Ces expérimentations s’ajoutent à la longue liste des exceptions aux délais de principe, essence même de la chronologie des médias et marqueur topique de son origine négociée. Enfin, ces expérimentations sont prévues pour une durée de deux années qui suivent la date de signature des avenants, à la suite de quoi les parties prenantes devront décider de leur reconduction ou de leur modification.

Chronologie des médias, une histoire sans fin
Terreau d’expérimentations nouvelles, la chronologie des médias est le fruit de négociations perpétuelles. La règlementation est tenue de rattraper et de s’adapter à l’évolution des modes de consommation des œuvres, chaque nouveau mode bouleversant l’économie existante.
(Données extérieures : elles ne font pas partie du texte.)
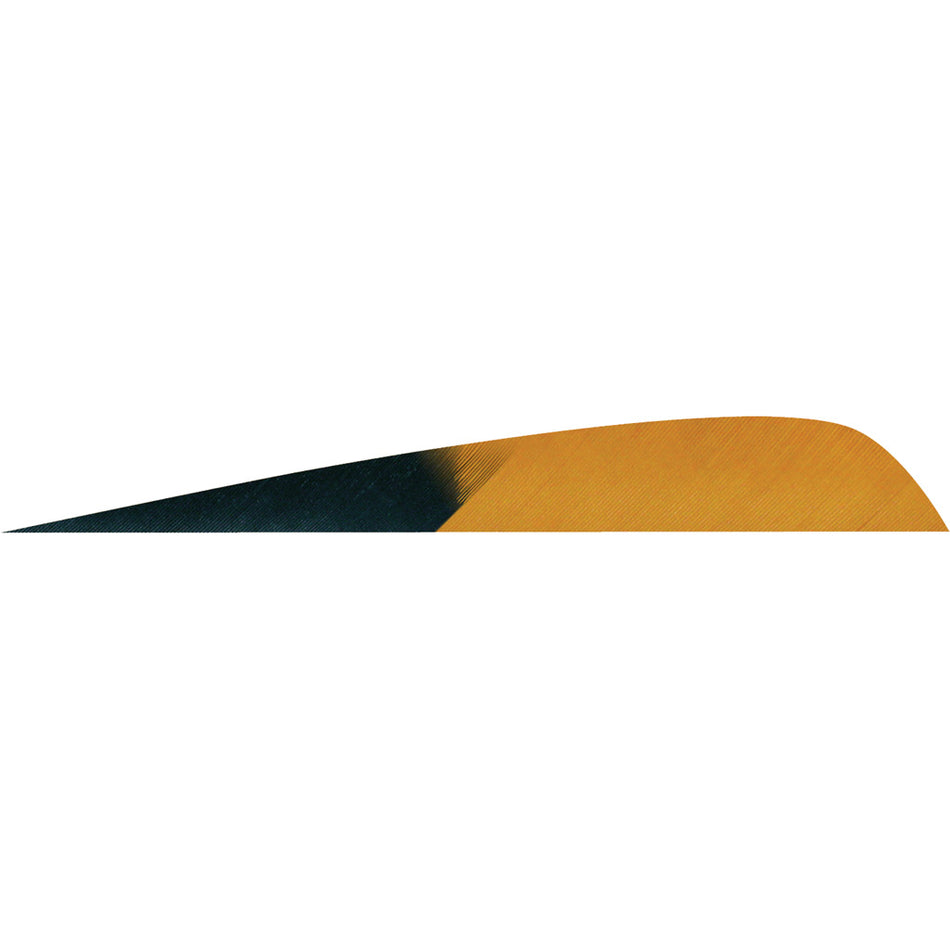 Gateway 4 in. Kuru Desert Brown Parabolic Arrow Feathers RW Pack of 50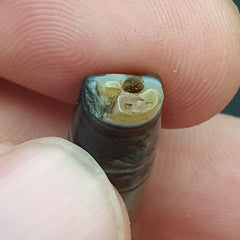 Midle eastern Agate old Antique Yemeni Agate Soleimani Bead SL022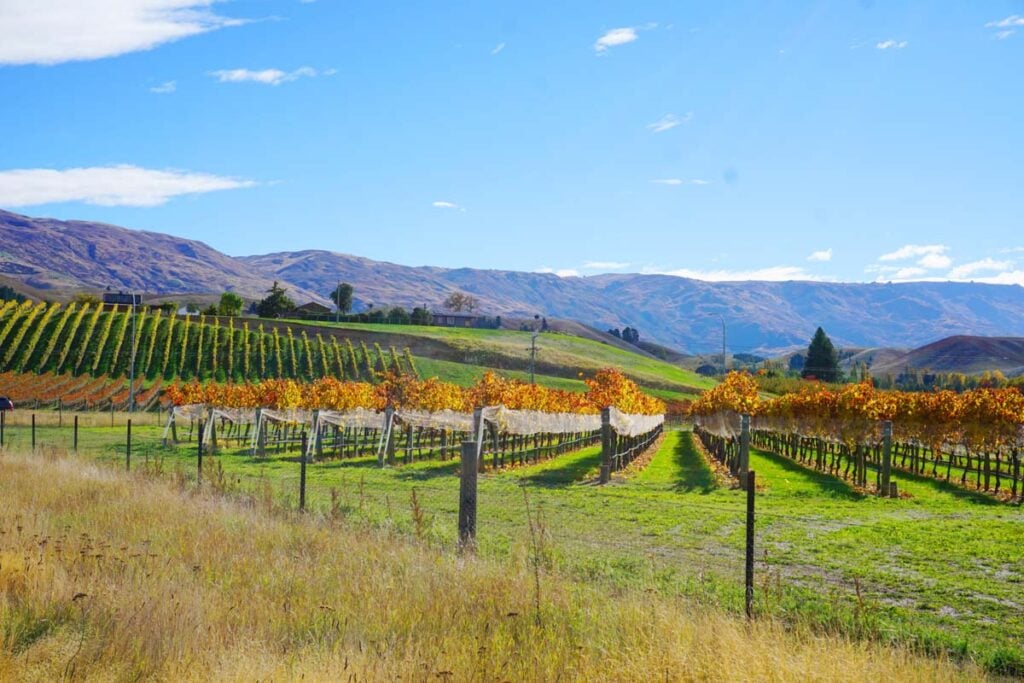 A vineyard in Cromwell, New Zealand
Certes, le cinéma n’a pas dit son dernier mot, avec plus de 10 millions d’entrées pour le second volet d’« Avatar, la voie de l’eau ». Mais l’exigence pressante des consommateurs d’accéder rapidement à l’œuvre, catalysée par l’arrivée des plateformes et le piratage, appellent périodiquement des refontes de la chronologie des médias. Les plateformes – Netflix et Disney+ en tête – ont su rappeler qu’elles étaient en capacité de passer outre la chronologie par la voie du e-cinéma, qui consiste à sortir un film uniquement sur les plateformes, et non en salles (9), Disney se prévalant de représenter un quart des recettes des salles françaises par an.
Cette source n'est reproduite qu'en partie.